AIM OF THE TASK: Repeat the entries exactly, and do not carry the pictures over.

EXERCISE DATA:

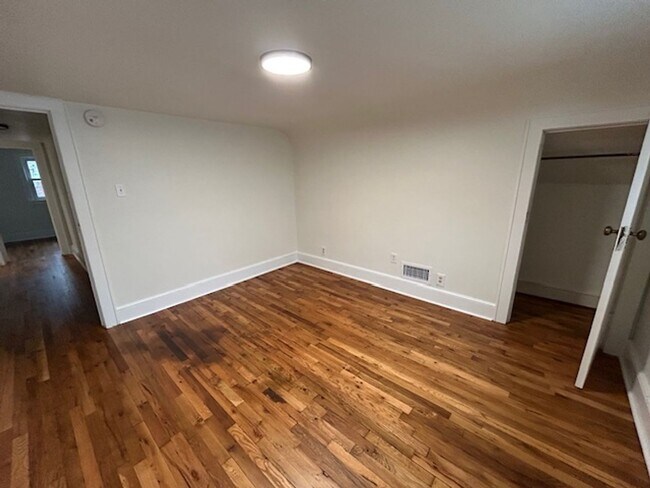Building Photo - 408 Orchard Dr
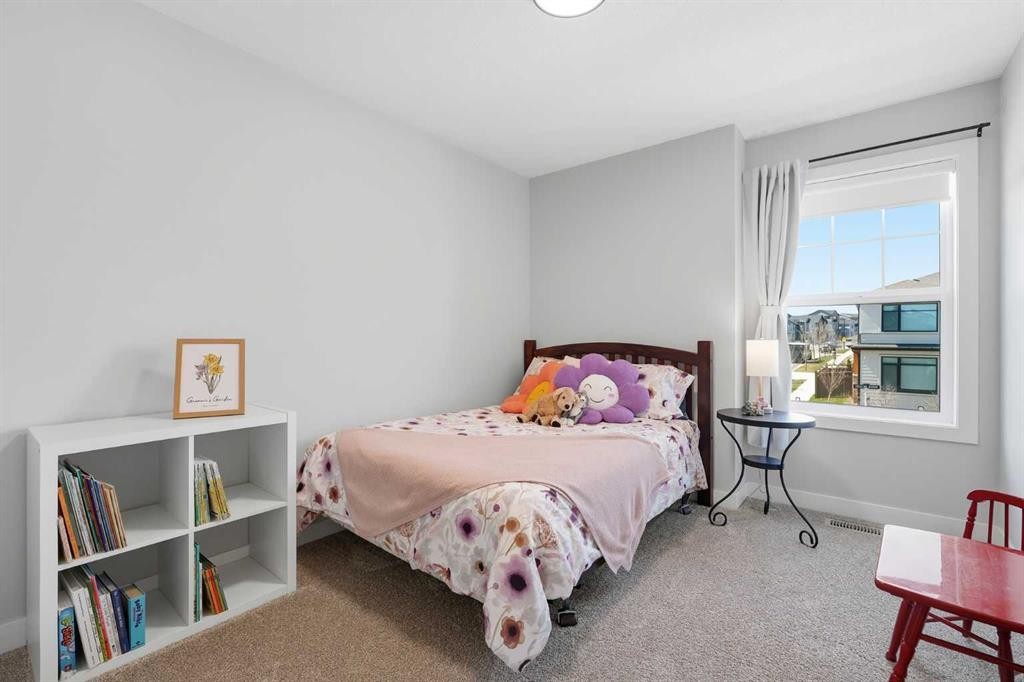 120 Treeline Manor Sw, Calgary, AB - Indoor Photo Showing Bedroom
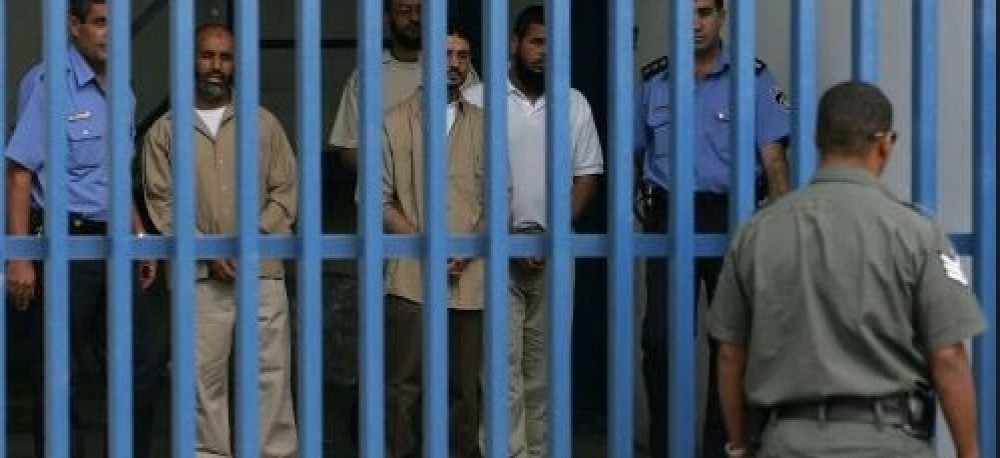 ستة أسرى يدخلون أعواماً جديدة في سجون الاحتلال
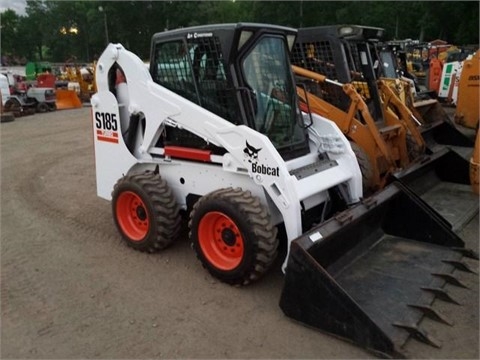 Minicargadores Bobcat S185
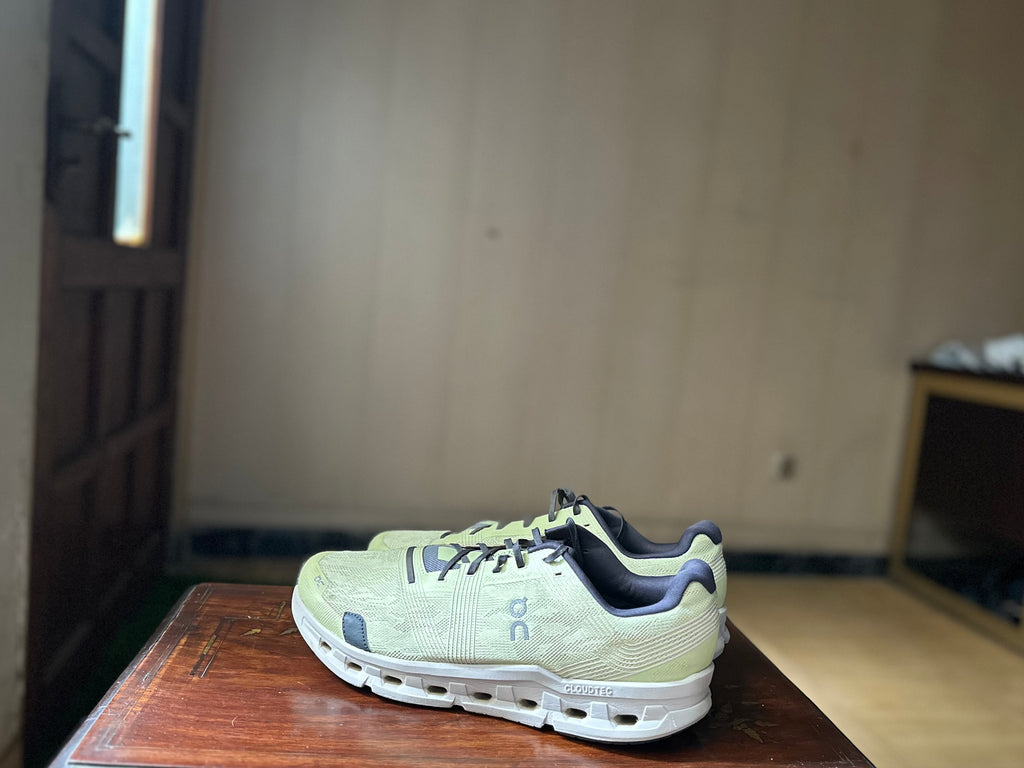ORIGINAL On CloudGo Textile Synthetic Uk size: 12 Eu: 48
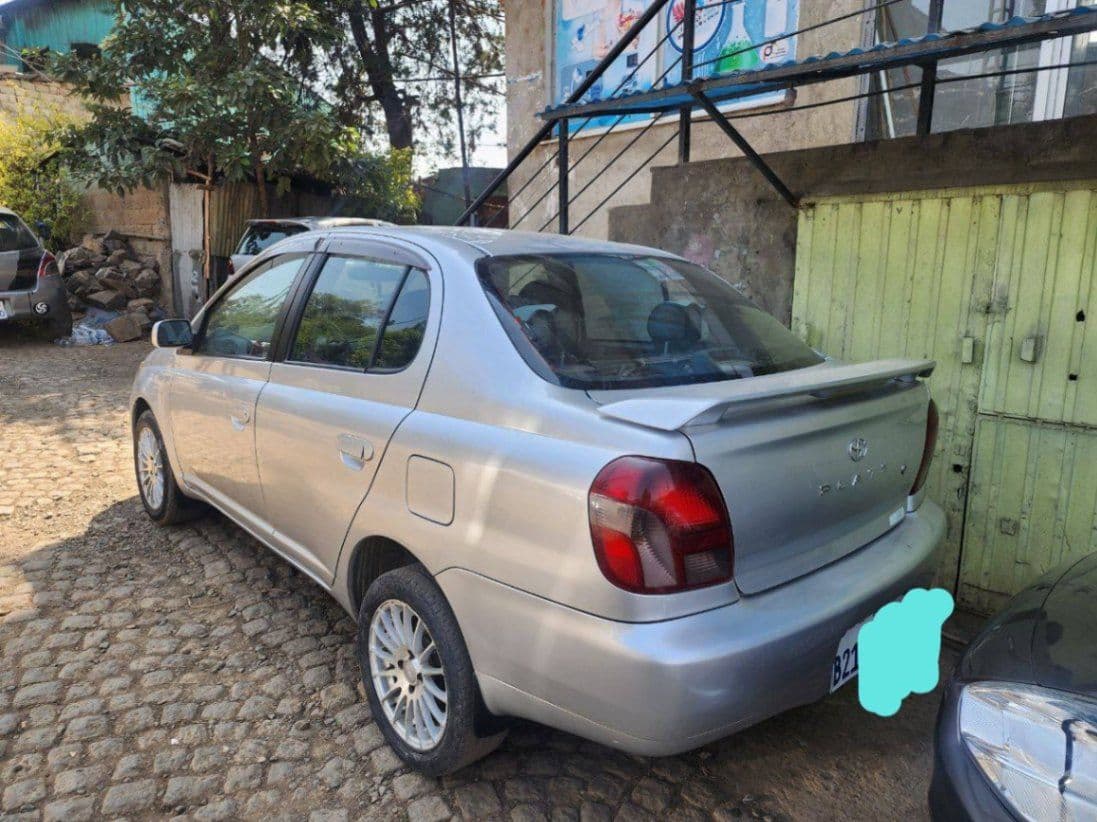 Toyota platz 2001, photo 3 of 3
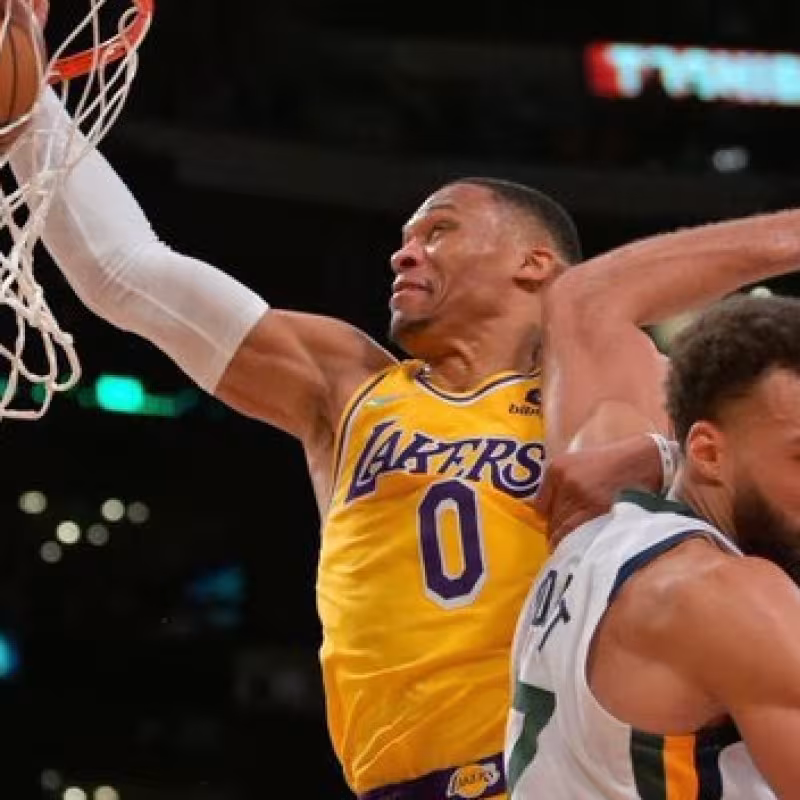 Frank Vogel, tras no haber traspasado a Russell Westbrook: "Confiamos en todos nuestros jugadores"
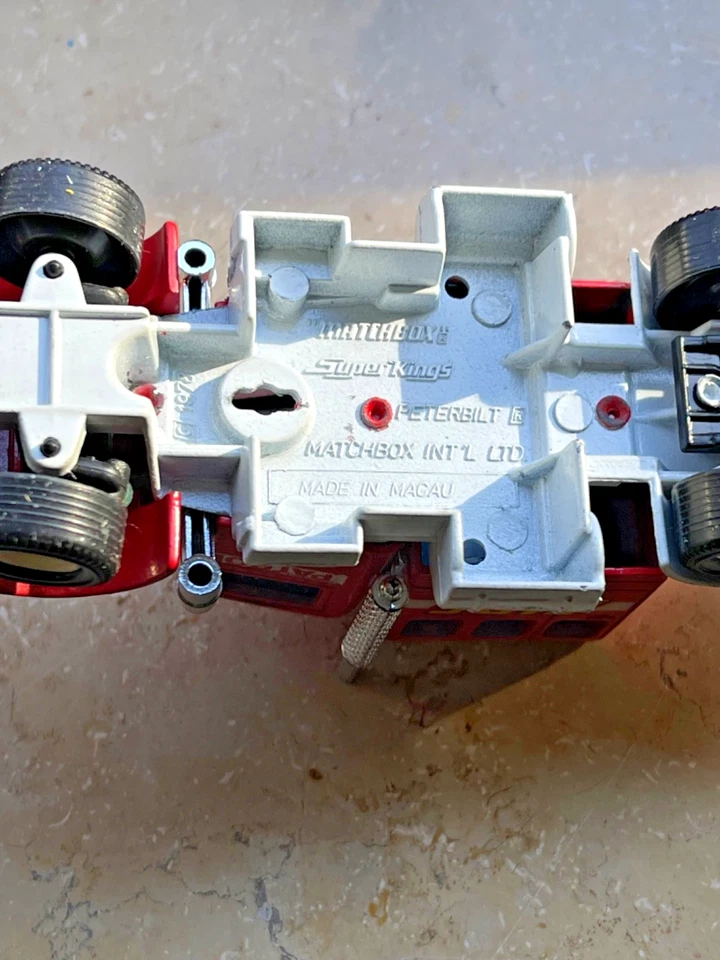 Camión de bomberos Matchbox Super Kings K-112/2, Peterbiltz -28- - Imagen 3 de 3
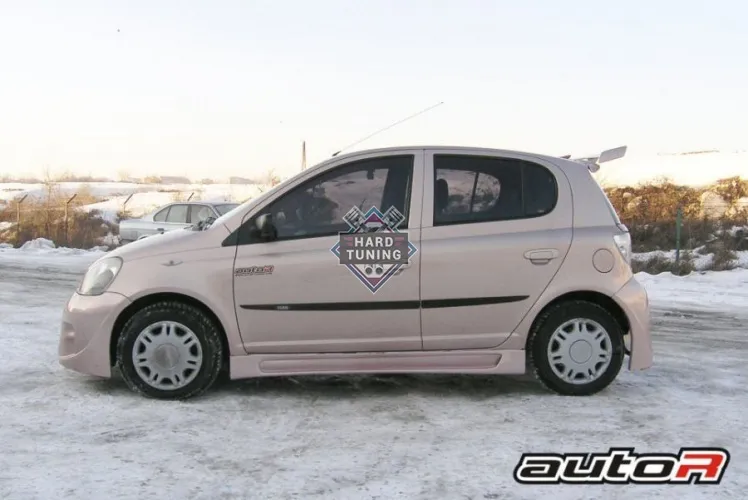 Накладки на пороги Auto R Toyota Yaris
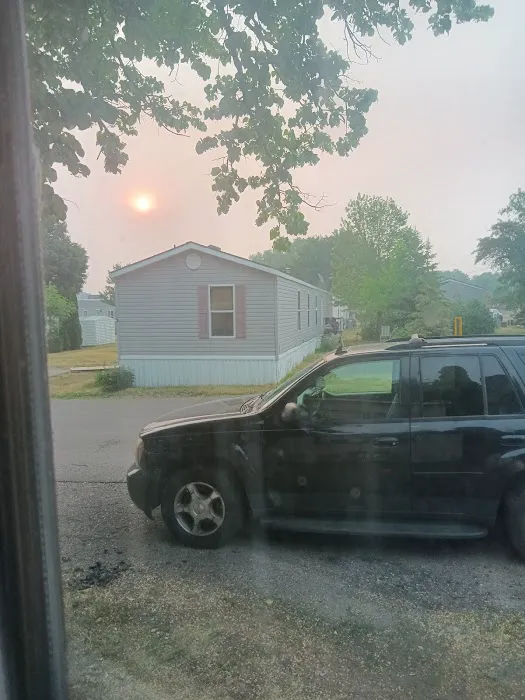 Knollwood Court Mobile Home Park Picture 1
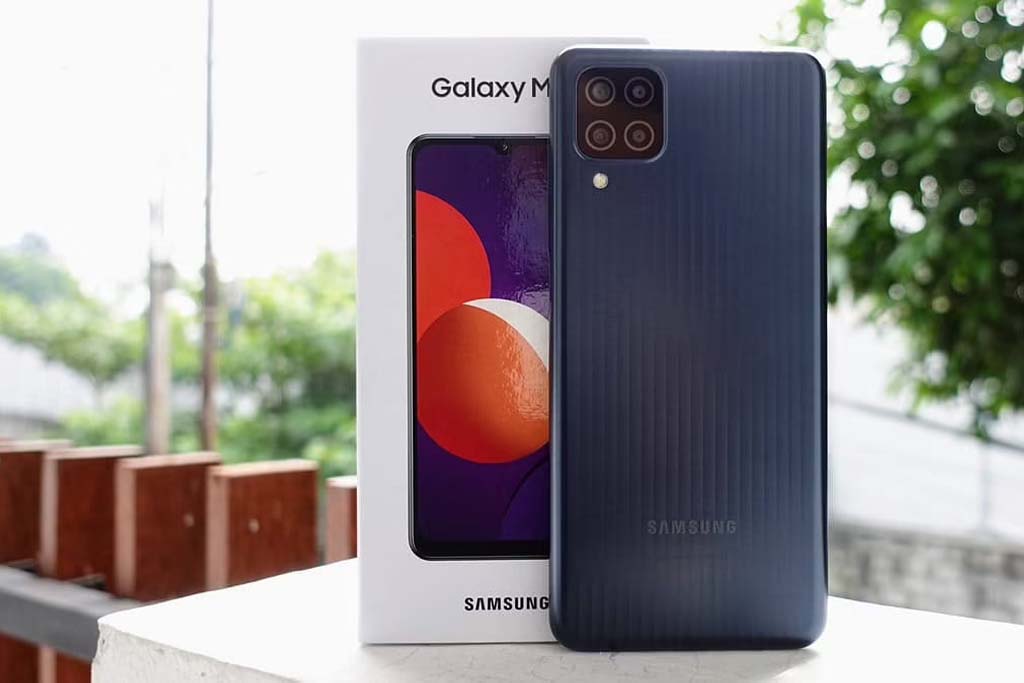 Review Samsung Galaxy M12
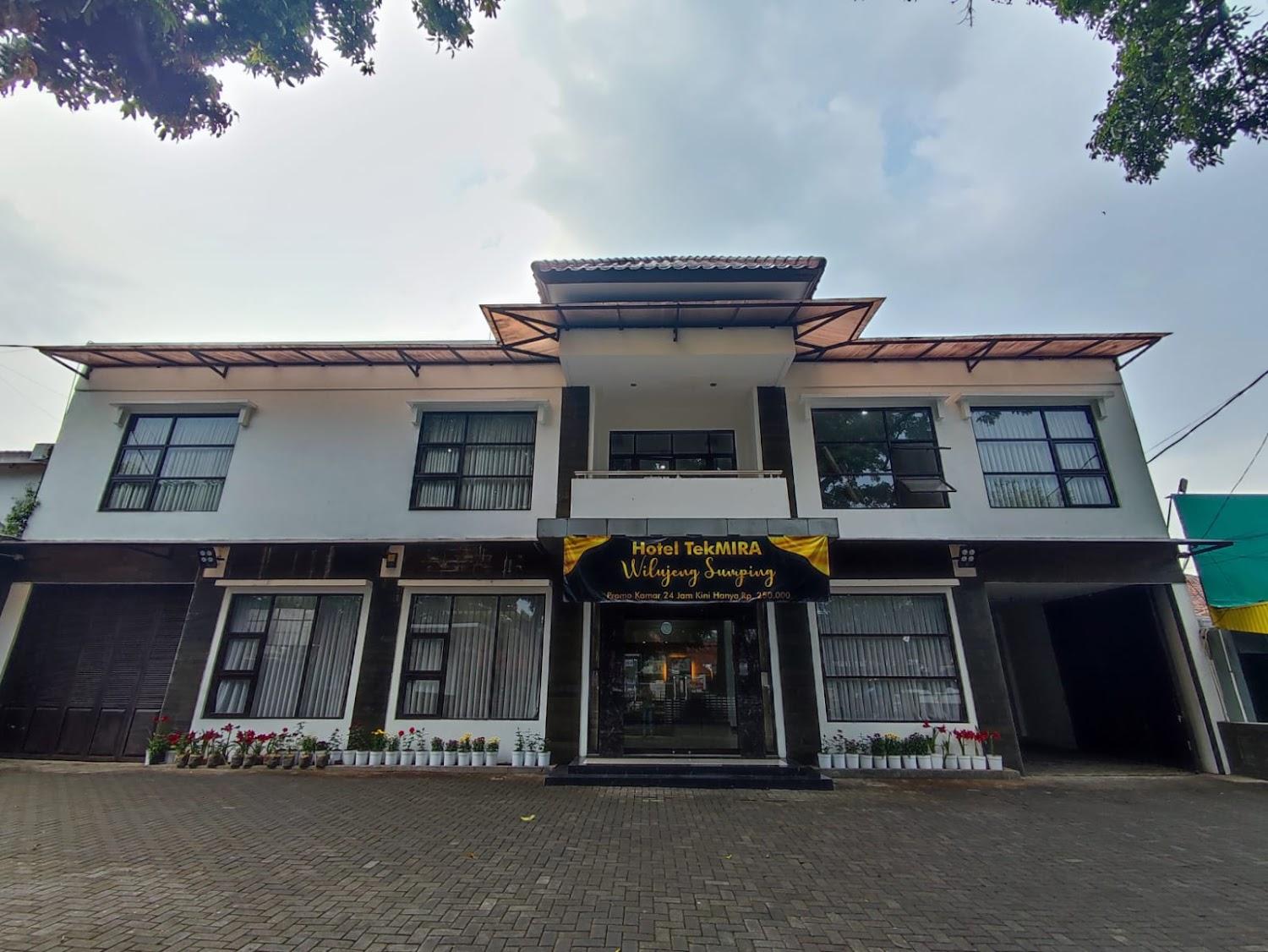 Cover Image for OYO 1740 Tekmira Residence Supratman Syariah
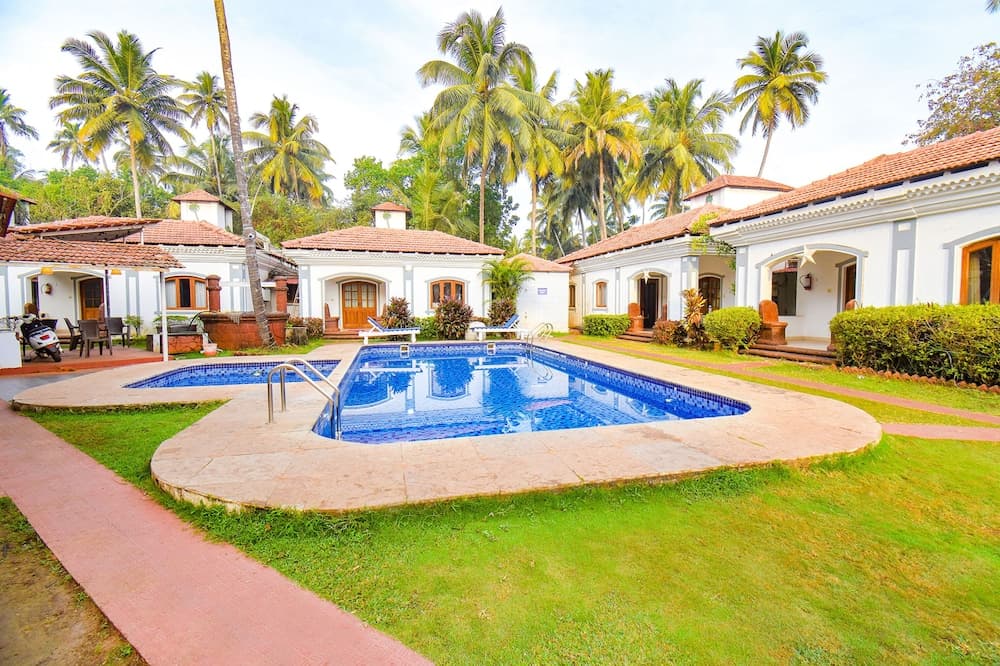 Fabhotel Close2C Holiday Home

REPLY:
Building Photo - 408 Orchard Dr
 120 Treeline Manor Sw, Calgary, AB - Indoor Photo Showing Bedroom
 ستة أسرى يدخلون أعواماً جديدة في سجون الاحتلال
 Minicargadores Bobcat S185
ORIGINAL On CloudGo Textile Synthetic Uk size: 12 Eu: 48
 Toyota platz 2001, photo 3 of 3
 Frank Vogel, tras no haber traspasado a Russell Westbrook: "Confiamos en todos nuestros jugadores"
 Camión de bomberos Matchbox Super Kings K-112/2, Peterbiltz -28- - Imagen 3 de 3
 Накладки на пороги Auto R Toyota Yaris
 Knollwood Court Mobile Home Park Picture 1
 Review Samsung Galaxy M12
 Cover Image for OYO 1740 Tekmira Residence Supratman Syariah
 Fabhotel Close2C Holiday Home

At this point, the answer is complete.